Out the door, we continued south until we hit Boi Na Braza. The Brazilian steakhouse concept has always seemed compelling, but it's simply not in my budget to fork over $50 a person for the all-out meat-fest. I may change my mind one day. After all, this month they offer a $50 gift certificate for $25 on their website. Boi Na Braza had one of the best, meatiest (and spiciest) samples the first year of "The Big To Do," but they've stumbled subsequently. In a truly mystifying move, the restaurant has opted to serve a dessert item the last two years. What we got this time was a plastic shot glass of "strawberry cream topped with Creme de Cassis." By the meat gods, why? The whole point of "The Big To Do" is to expose people to your food and entice them to return for a full meal, no?
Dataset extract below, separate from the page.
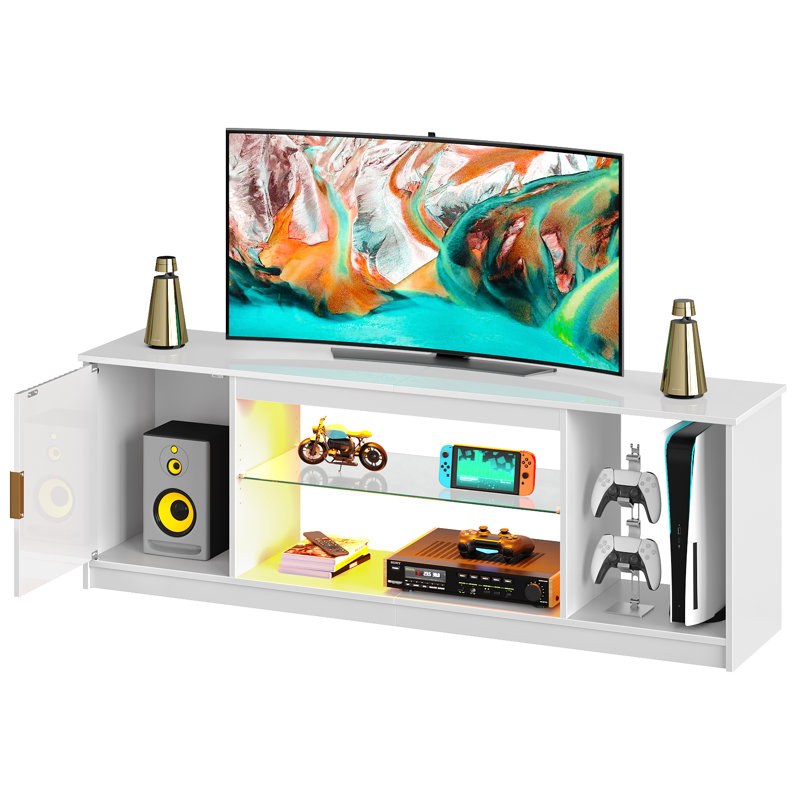 Labelle Brandenburg 57" Modern Media Console with Adjustable shelf, LED Fluted TV Stand for 65 Inch TV, Glossy TV Console with Cabinet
How does a steakhouse serving what amounted to a swig of strawberry yogurt achieve this end?
JeanRo Bistro413 Vine St.
My tongue now thick with strawberry, we headed a few doors down Vine Street to JeanRo Bistro. Ever since my girlfriend and I returned from a trip to Paris, she's wanted to eat a meal here. "It reminds me of France," she smiled as we stepped through the door. JeanRo's sample was a "warm local potato salad with 22-month Mountain Ham." Red potatoes always seem tastier than other variations, and this was no different. The perfect marriage of a delicate, mayonnaisy sauce and the bacon-like ham made for a delicious, surprisingly light, refreshing potato salad.
Local 127127 W. 4th St.
Our final restaurant stop was the new Local 127, housed in the space formerly known as Pigall's. Once inside, we hiked up a short flight of stairs to the uber-trendy bar and lounge, where we were served a crostini topped with "Smoked Golden Trout with Creme Fraiche and Herbs." The trout was superb: very fresh tasting, with not a hint of fishiness, a pleasing smoky flavor well balanced by the light Creme Fraiche. If I were one of those people who felt comfortable in trendy restaurants, Local 127 would be among the top of my "must" list. Their sample made me want to come back.
The clear winners in this year's "The Big To Do" were Bootsy's, Local 127, JeanRo and Via Vite. Give these restaurants a try, especially Bootsy's, since the menu and concept will soon be changing per Jeff Ruby. If you've never tried "The Big To Do," we highly recommend doing so next year. More information is available on the official website.